Hello. I have two MX250 firewalls set up in a NAT HA failover pair, using the network-connected design for VRRP heartbeats.
Both MX250s have one link connected to WAN1 in the same subnet and I'm using the Virtual-IP for client traffic headed to the internet.
The problems start when I disconnect MX250-Primary-Master's WAN1: the MX250-Spare takes over the master role within seconds. However most clients and switches do not regain internet connectivity- the switches go offline and clients connected to switches have no internet, BUT with the exception of the root switch MS225-24P-2K. The root switch regains internet connectivity and clients behind root switch can also access the internet. But rest of the switches and clients are offline- can not even ping the gateway (gateways are in the MX250). I have included two illustrations of the working setup and the nonworking setup after MX250 failover. I also have an open case with Meraki but no solution yet.
Any ideas what is wrong? Thank you.
What IP is set as the gateway for the MS220 and the MS225? I wonder if the MS220 is gateway'd to an interface that is only on the primary?
Based on that diagram you kind of have two root switches since they both uplink directly to the MX cluster. Bummer we can't see what port 9/10 look like on the MS220 in the failed state. Maybe check what the ports on the MXs look like in the failed vs working state. It truly feels like STP isn't doing its job. May be worth going to Switch>Switch Settings and manually specifying a root bridge.
I like where Adam is going with this because that's where my mind went at first too. But if you think about it, the LAN doesn't change when you disconnect the WAN link, so by all rights the STP topology should not be changing either. On the 8 port switch port 9 should still be forwarding, and port 10 should still be blocking. This makes the path to the gateway kinda wonky, but it _should_ still work. So I suspect something else is at play here (Maybe the now standby MX isn't forwarding ARP replies from the now active MX to the 8 port switch???).
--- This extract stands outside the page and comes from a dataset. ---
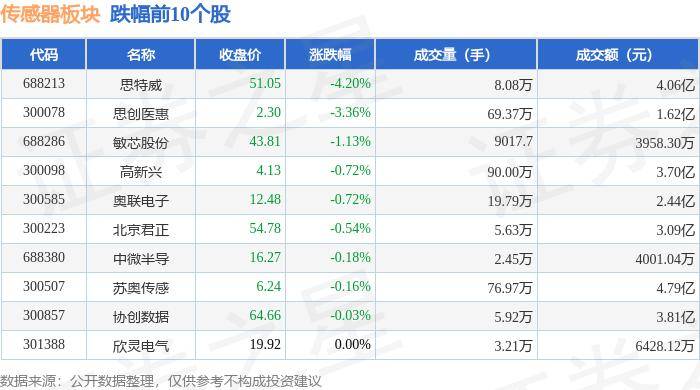 澳门九点半材料-保隆科技：传感器业务在国内市场有较大国产替代空间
I have a couple very similar topologies built, but we use the Meraki recommended practice of connecting the MX's directly.
I am not really a fan of this as the MX's don't participate in STP, but it does seem to work and fails things over correctly. While not providing an explanation to what you are seeing it should be a simple way to stabilize things so you actually have a viable failover.
@jdsilva I personally find the published Meraki design (reproduced below) - does not take into account enough factors.
For example, if you are not using virtual IP the extra VRRP cables adds - nothing. But it does introduce several negative issues.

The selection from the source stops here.